I due giovani, in quell’occasione, non si parlavano, ma si guardavano da lontano. Erano i parenti a parlare. Il primo incontro era molto importante, perché si fissava la data del fidanzamento, che aveva luogo a casa di lei. Qui si recava la mamma del fidanzato, portando con sé la truscia, cioè un fagotto con un grembiulino da regalare alla promessa. La futura suocera, entrata in casa, chiamava cugina la madre della ragazza e metteva un nastro sui capelli della ragazza. Quando lei aveva indossato anche il grembiulino, si fissava la data del matrimonio. Di solito cadeva di mercoledì, giorno sacro a San Giuseppe. Mai di lunedì, che era un giorno dedicato alle anime purganti.

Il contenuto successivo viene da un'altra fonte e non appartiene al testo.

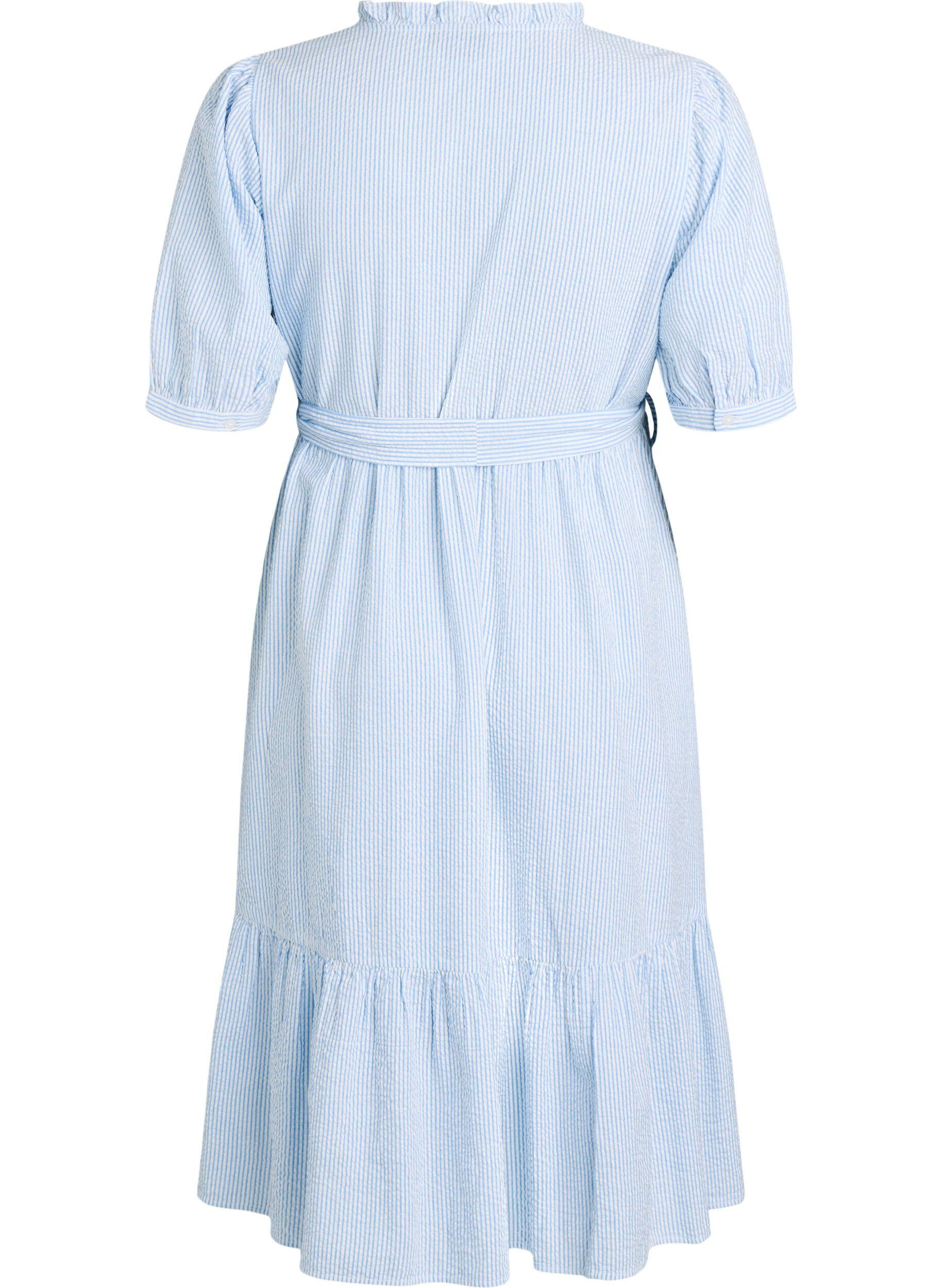 Zizzifashion Striped midi dress in cotton with a tie-belt, White, Packshot image number 1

Nel giorno del matrimonio si svolgeva un corteo molto caratteristico, in cui due bimbe tenevano tra le mani due cuscini ricamati, sui quali si sarebbero inginocchiati gli sposi. Prima di raggiungere la chiesa, però, la sposa piangeva a dirotto, per convincere i genitori a benedirla. Dopo la cerimonia, si inondava la giovane di manciate di frumento che le smuovevano i capelli e le entravano nelle pieghe del vestito. Gli sposi tornavano a casa e prendevano come antipasto ceci tostati, vino, liquori e dolcetti tipici.

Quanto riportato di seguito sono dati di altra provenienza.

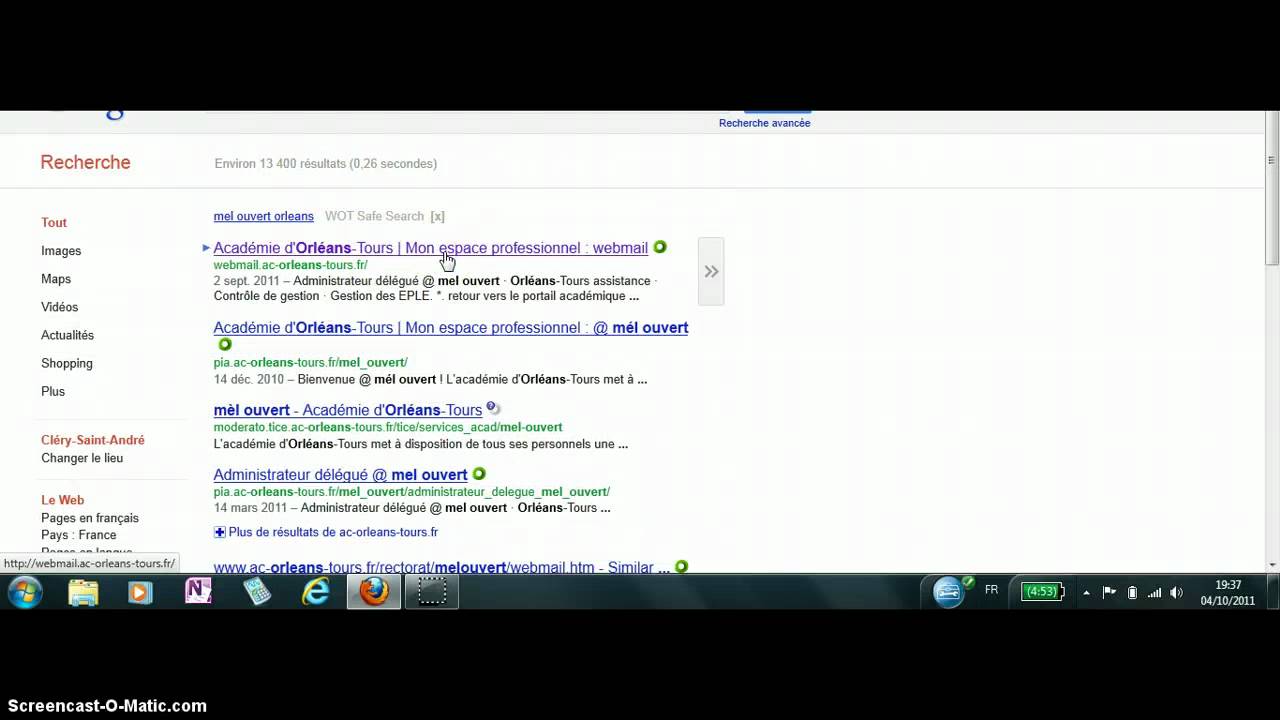 Boite mail académique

Il pranzo di nozze aveva luogo a mezzogiorno in punto e il piatto più atteso era lu zitu: grossi maccheroni immersi in un sugo di pomodoro con patate e carne. La giornata terminava con un grande ballo, che andava avanti fino alle prime ore della notte. Dopo aver ballato con lo sposo, ballava anche con gli altri invitati. Per i seguenti otto giorni doveva rimanere chiusa in casa: sarebbe uscita per recarsi a messa, accompagnata dalla famiglia.